* [WHAT THE EXERCISE ASKS]:
The entries that follow should come back exactly, with no pictures among them.

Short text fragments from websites

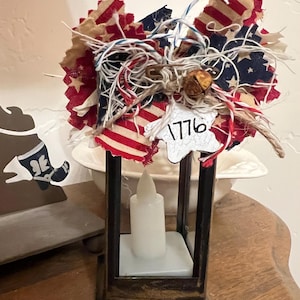 May include: A decorative lantern with a battery-operated candle. The lantern is adorned with a patriotic bow featuring red, white, and blue fabric. A star-shaped tag with the number "1776" is attached. The lantern sits on a wooden surface.
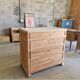 Walnut chest of drawers with white marble.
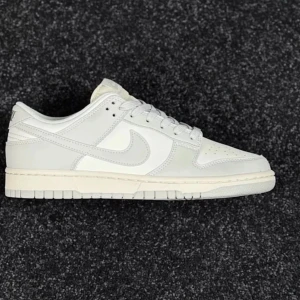 Nike Dunk Low vit/grå sneakers - Nike Dunk Low sneakers i en clean vit och ljusgrå färg. Klassisk siluett med rund tå, platt sula och snörning. Swoosh-loggan på sidan och paneler i skinn ger en stilren vibe. Perfekt för dig som gillar minimalistisk streetstyle och vill ha ett par fräscha kicks.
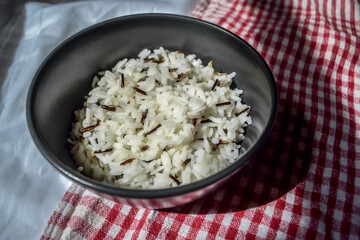 white parboiled black rice in a dark cup on a plate on a background of red-white cloth towels under the light of the sun with shadow on the table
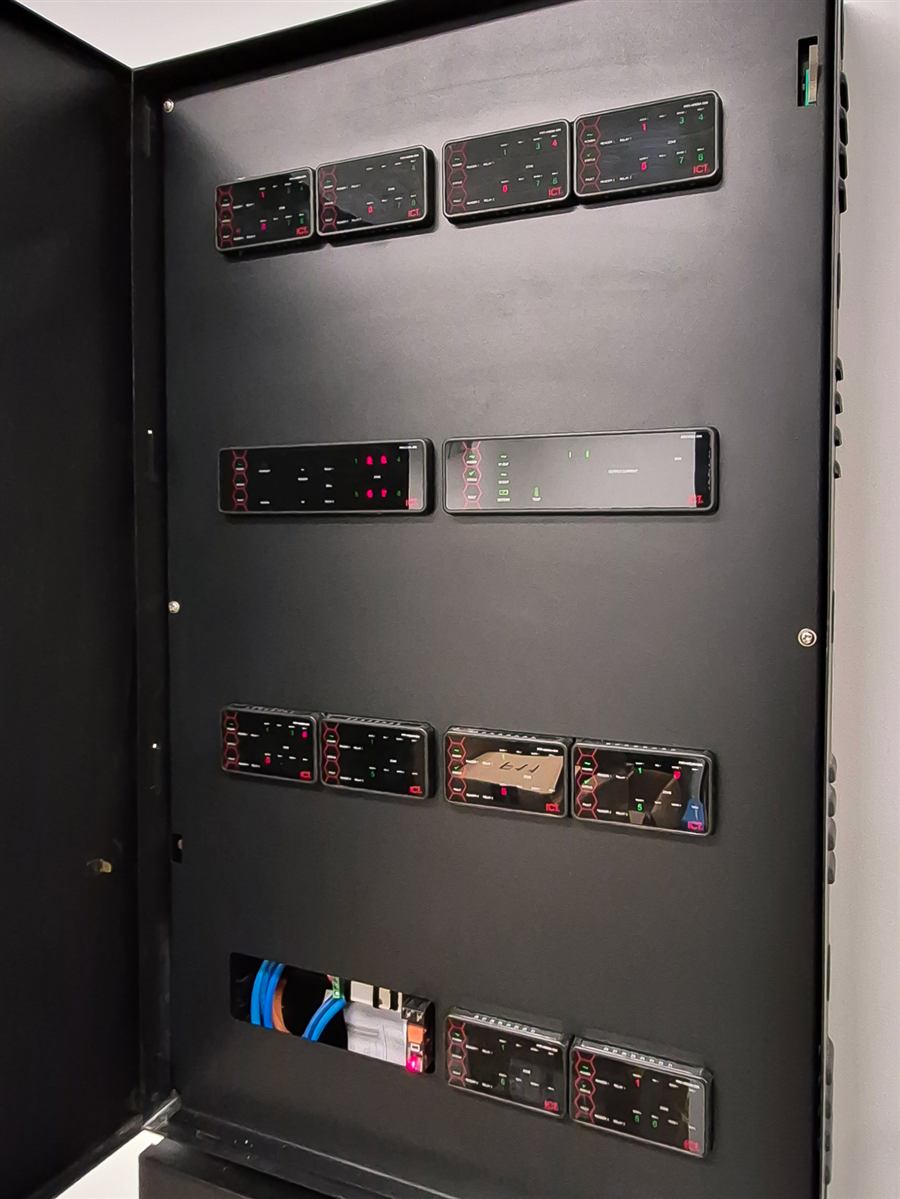 ICT Protege GX controller and expander modules inside a site panel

* [EXPECTED ANSWER]:
 May include: A decorative lantern with a battery-operated candle. The lantern is adorned with a patriotic bow featuring red, white, and blue fabric. A star-shaped tag with the number "1776" is attached. The lantern sits on a wooden surface.
 Walnut chest of drawers with white marble.
 Nike Dunk Low vit/grå sneakers - Nike Dunk Low sneakers i en clean vit och ljusgrå färg. Klassisk siluett med rund tå, platt sula och snörning. Swoosh-loggan på sidan och paneler i skinn ger en stilren vibe. Perfekt för dig som gillar minimalistisk streetstyle och vill ha ett par fräscha kicks.
 white parboiled black rice in a dark cup on a plate on a background of red-white cloth towels under the light of the sun with shadow on the table
 ICT Protege GX controller and expander modules inside a site panel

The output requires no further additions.